She Loves Me, She Loves Me Not:
Hillary Clinton and the Media
By Frank Marafiote
The on-again, off-again love affair between the media and the First
Lady is back on again, thanks in large measure to White House counselor David
Gergen,
whose public relations finesse has not only helped President Clinton, but has sweetened
coverage of the First Lady as well.
For many observers, the First Couple's recent trip to Japan for the
G-7 economic summit clearly demonstrated the power of the White House to reshape public
perceptions of a First Lady whose image had been teetering between that of an
artificially-sweetened "Hostess With The Mostest" and a leathery "Hillary
the Policy Wonk." At last, some say, we're finally seeing Mrs. Clinton as the
multi-dimensional woman she really is. Not coincidentally, relations with the media have
never been better. And whether or not David Gergen truly deserves all the credit, some in
the media believe it is his handiwork that has given both Mr. and Mrs.

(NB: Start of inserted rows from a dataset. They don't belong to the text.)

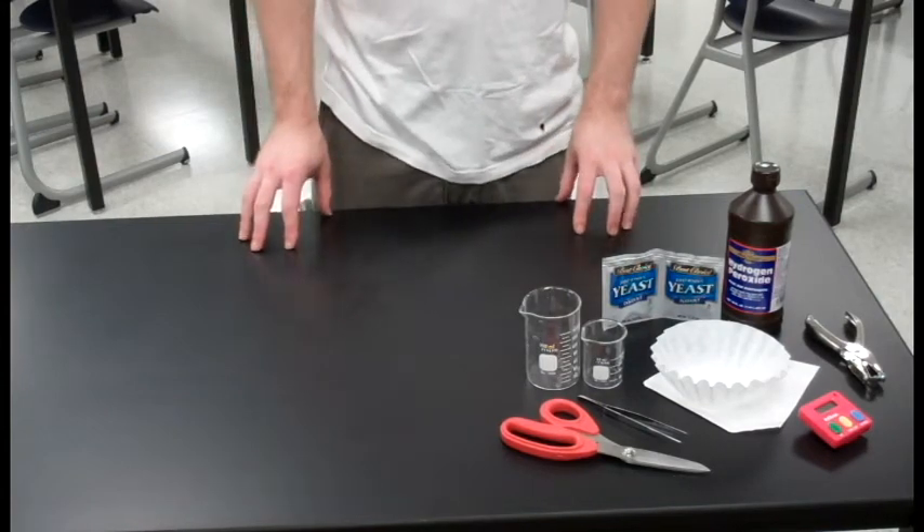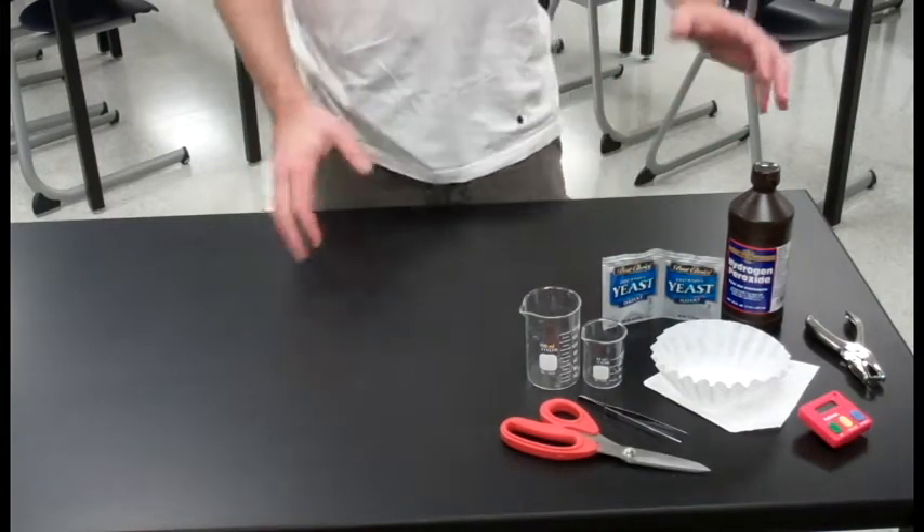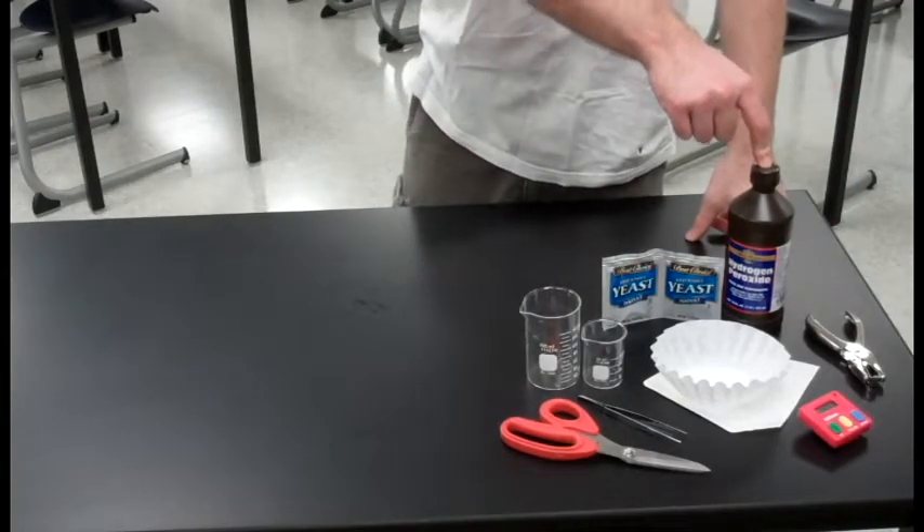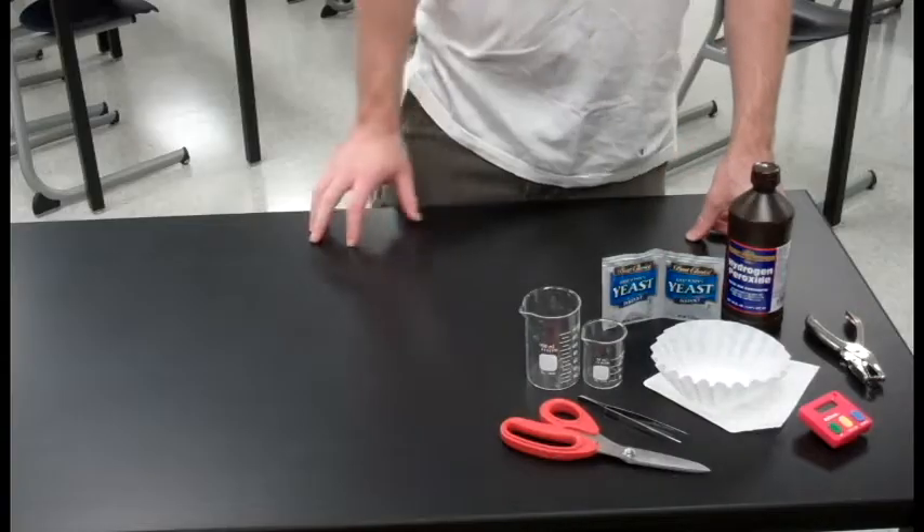Hi there, I'm Michael Ralph and today we're going to be talking about the catalase lab. We're going to be working with everything you see right here, most notably hydrogen peroxide, yeast and filter paper.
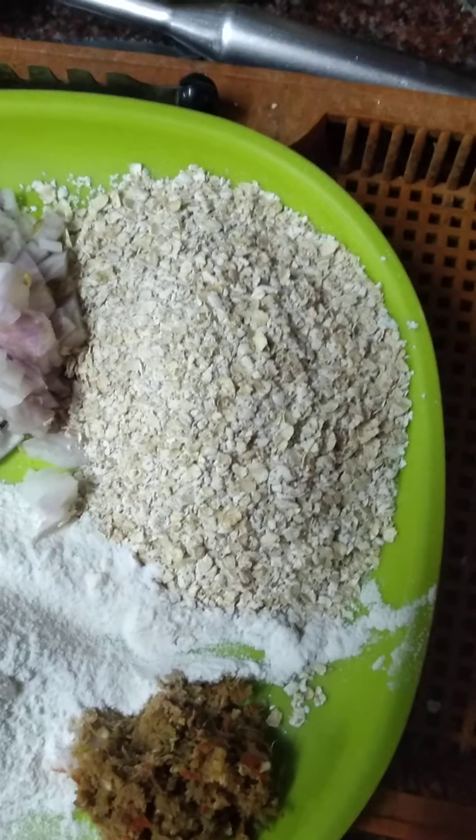Mix all the ingredients together — ginger-garlic paste, rice flour, oats, onions, and till (sesame seeds). If we add a little till it will be very tasty and it is also healthy. Add a little salt as well.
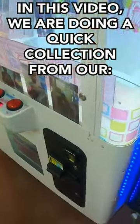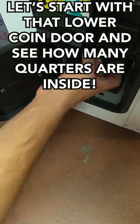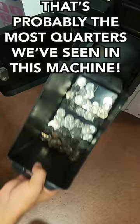In this video, we're doing a quick collection from our BarberCut Arcade Vending Machine. Let's start with the lower coin doors and see how many quarters are inside. That's probably about the most quarters we've ever seen inside this machine.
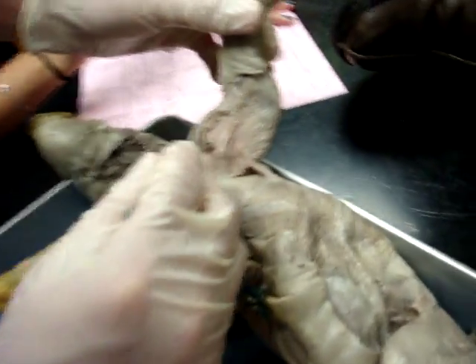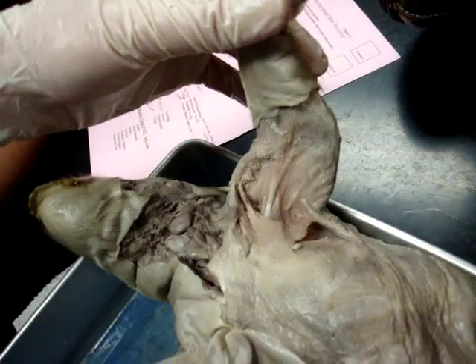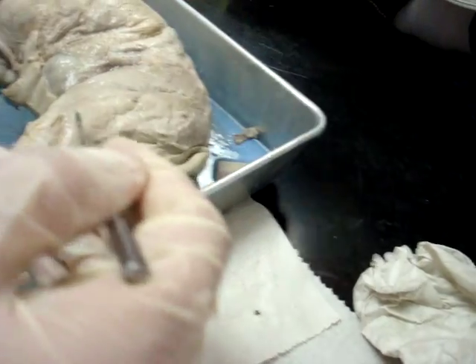Now I turn it over to my esteemed colleague. This is the umbilical cord. Biceps brachii is going to be that guy — it's up on the top, not the middle of the forearm. Biceps femoris — butt muscle. Actually it curves this way, kind of goes like... yeah.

Clinton a second
chance with the public.
Even those not normally inclined to think kindly of the Clintons
seem impressed -- at least for now. According to Suzanne Fields, a conservative columnist
with the Washington Times, "There has been a decided change in public
relations since David Gergen has been there, and he is serving both Hillary and the
President well. Gergen gets an A+ for orchestrating the entire image of both Hillary and
the President."
Bill Zwecker, a columnist for the Chicago Sun-Times, agrees:
"I think it's a total package and Gergen has improved her coverage as well."
Whether it's David Gergen or a learning curve that would have taken
affect anyway, the First Lady's press office has also been getting better grades from the
media. Says Margaret Carlson, White House correspondent for Time magazine: "In
the beginning, the press office in general was less accessible. As time has gone by, the
White House is more open because not being open didn't work for them."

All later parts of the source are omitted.